Learning To Speak Up – Part I

I always loved words.  I loved to read books and I even wrote speeches.  My issue was that I was so shy growing up.  I was painfully shy.  If you looked up painfully shy in a dictionary my face should have been right underneath. It was so hard for me because I didn’t get to properly express myself in childhood.

My mother knew I was painfully shy so she would speak for me.  When other adults would ask me questions, my mother would answer them.  It didn’t bother me until I was around 13.

Once I became a teenager my whole worldview changed.  I had different ideas about life and wanted to start expressing myself more.

I was in a 4-H speech contest in 8th grade.  I won my school competition with a speech about being black and dealing with violence in our communities.  After winning at the school level I had to compete at the county level.  I won county and then had to present at the city competition.  I lost at that point and didn’t get to present at the state level.  It didn’t bother me at all because I hated public speaking.

Public speaking was my biggest fear.  Yet, I was told over and over again I was so good at it.  I purposely sabotaged everything when I had to do my speech at the city level.  I knew I wanted to lose because I hated having to keep giving those speeches.  I was scared every single time I had to go up to that podium.  I told my mom I hated having to keep giving those speeches because I was scared.  She told me, “Well…stop being so good at it [the speeches].”

I regret letting my fear get to me so much.  My childhood was plagued by constant fear of everything.  Everything!  I hate that my mom still felt that when I was around 16 she had to continue to speak for me.  Once I was around 16 I became angry with her over this issue.  I would tell her to stop speaking for me.  I didn’t ask her to nor need her to.  She no longer knew my thoughts and feelings. She couldn’t “speak” for me at all anymore.  I was well into my 20s before people stopped looking at my mom and expecting her to answer on my behalf.  It was ridiculous and made me so angry.  They would ask a question about me…in front of me…and I was like 22…and they expected my mother to answer.  I would just look at them like, “Hey…I’m standing right here.  I can answer the question.  It was directed to me, right?”  This is when I had to start interrupting my mother and answering for myself.  It was so odd at first.  It felt like I was being disrespectful to my mother, but at the same time I had to get used to expressing myself verbally.  I was used to expressing myself through the written word but not verbally.

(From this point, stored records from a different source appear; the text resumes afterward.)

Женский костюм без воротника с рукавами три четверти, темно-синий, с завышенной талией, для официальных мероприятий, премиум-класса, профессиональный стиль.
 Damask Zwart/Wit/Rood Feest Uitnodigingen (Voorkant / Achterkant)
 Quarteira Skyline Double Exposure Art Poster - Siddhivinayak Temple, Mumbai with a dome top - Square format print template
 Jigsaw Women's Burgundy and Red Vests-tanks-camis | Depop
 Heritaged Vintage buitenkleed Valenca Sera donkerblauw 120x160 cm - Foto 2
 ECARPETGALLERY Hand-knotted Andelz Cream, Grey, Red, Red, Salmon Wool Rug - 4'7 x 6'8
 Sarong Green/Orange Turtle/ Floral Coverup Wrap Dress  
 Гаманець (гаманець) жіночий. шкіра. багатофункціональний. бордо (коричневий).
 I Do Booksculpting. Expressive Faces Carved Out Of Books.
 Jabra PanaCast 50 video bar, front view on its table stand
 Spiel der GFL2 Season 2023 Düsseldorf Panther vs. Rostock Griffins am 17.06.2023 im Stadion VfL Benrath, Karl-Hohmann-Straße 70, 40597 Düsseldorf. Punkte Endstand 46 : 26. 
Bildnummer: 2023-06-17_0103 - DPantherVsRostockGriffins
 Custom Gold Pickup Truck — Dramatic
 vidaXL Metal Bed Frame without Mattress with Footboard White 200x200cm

The reason I started writing at 8 years-old is because I was so shy and didn’t know how to express myself.  My 8th grade English teacher, Ms. Bolt, was the first person that saw something else in me.  She was the one who encouraged me with the 4-H speech contest.  I had never had anyone see me in that way.  I had never before had someone who thought, “you are a good writer.  You have potential.  You also are a good speaker and should do something with your gifts.” I credit Ms. Bolt for all of it.  I don’t know where she is now – I wish I could tell her now how she helped me more that she will probably ever know.